■ AVAILABLE RECORDS:
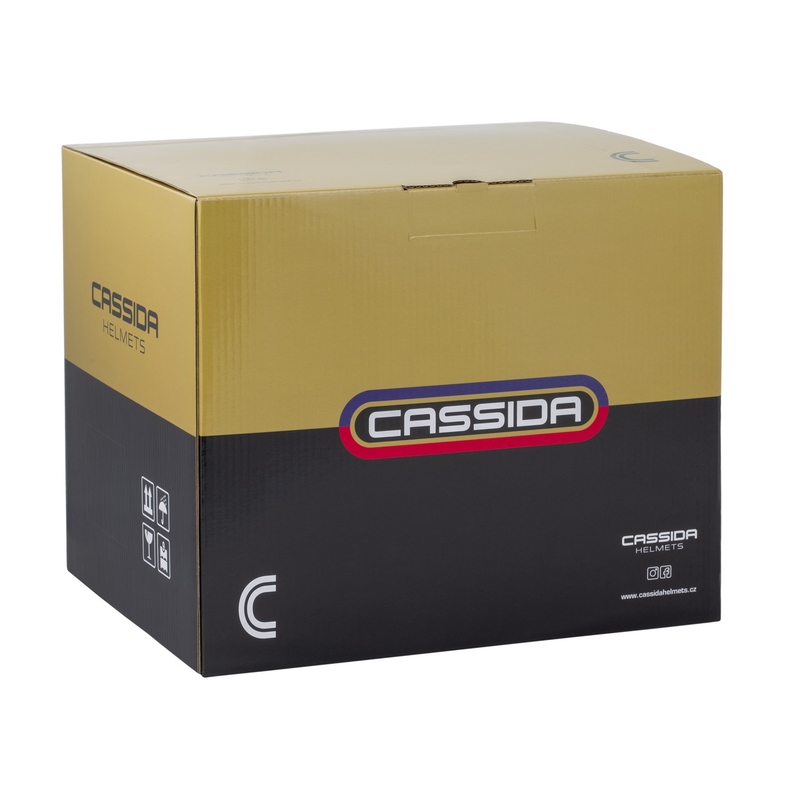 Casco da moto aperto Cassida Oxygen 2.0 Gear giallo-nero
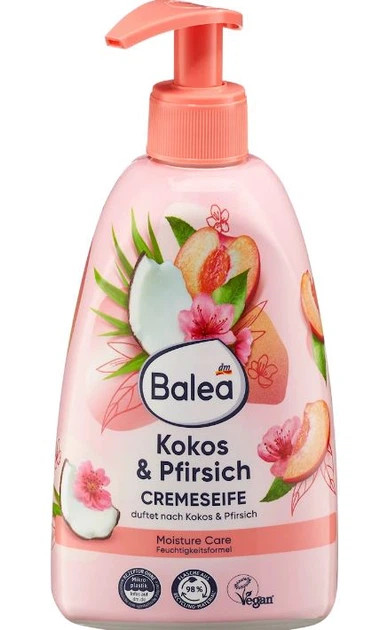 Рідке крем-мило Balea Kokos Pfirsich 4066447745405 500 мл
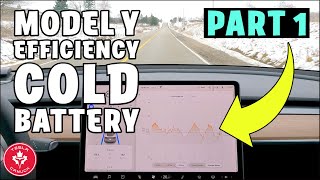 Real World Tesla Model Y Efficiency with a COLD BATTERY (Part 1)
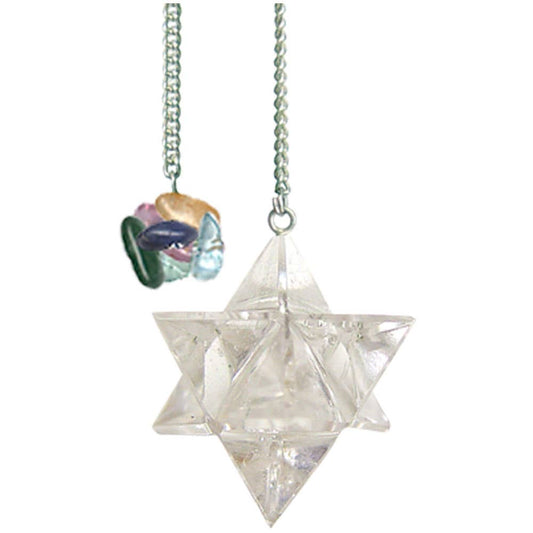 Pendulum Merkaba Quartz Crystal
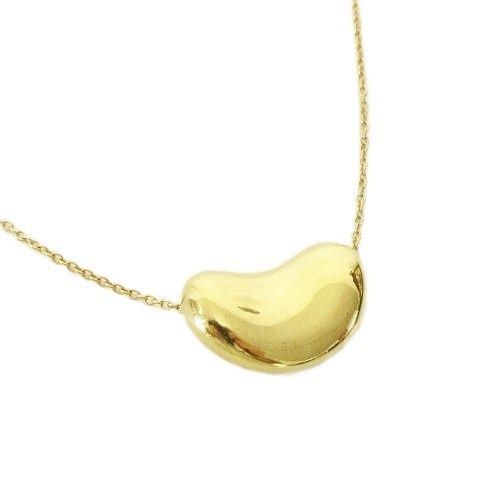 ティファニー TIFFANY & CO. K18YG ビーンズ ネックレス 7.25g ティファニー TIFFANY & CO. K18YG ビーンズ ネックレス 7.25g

...

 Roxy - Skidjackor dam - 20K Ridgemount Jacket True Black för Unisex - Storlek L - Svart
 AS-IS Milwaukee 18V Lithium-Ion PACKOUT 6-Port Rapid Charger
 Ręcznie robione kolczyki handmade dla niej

■ PROBLEM TO SOLVE:
Taking the material above, extract exactly and only the lines from the line with "Roxy - Skidjackor" to the line with "Ręcznie robione kolczyki handmade dla niej", inclusive of both.

■ TASK SOLUTION:
 Roxy - Skidjackor dam - 20K Ridgemount Jacket True Black för Unisex - Storlek L - Svart
 AS-IS Milwaukee 18V Lithium-Ion PACKOUT 6-Port Rapid Charger
 Ręcznie robione kolczyki handmade dla niej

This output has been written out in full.